◆ TASK OBJECTIVE ◆
The answer must consist only of the lines from the line with "NFL LAS VEGAS" to the line with "Butterfly Garden Sign", both included, exactly as they stand below.

◆ DATA SUPPLIED ◆

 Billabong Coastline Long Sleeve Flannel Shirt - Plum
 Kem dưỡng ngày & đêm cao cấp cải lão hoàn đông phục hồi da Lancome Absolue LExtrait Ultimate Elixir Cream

* * *

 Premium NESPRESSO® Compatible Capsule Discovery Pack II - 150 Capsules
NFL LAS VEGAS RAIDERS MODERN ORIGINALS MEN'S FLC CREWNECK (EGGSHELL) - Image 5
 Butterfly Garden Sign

◆ SOLUTION FOR THIS TASK ◆
NFL LAS VEGAS RAIDERS MODERN ORIGINALS MEN'S FLC CREWNECK (EGGSHELL) - Image 5
 Butterfly Garden Sign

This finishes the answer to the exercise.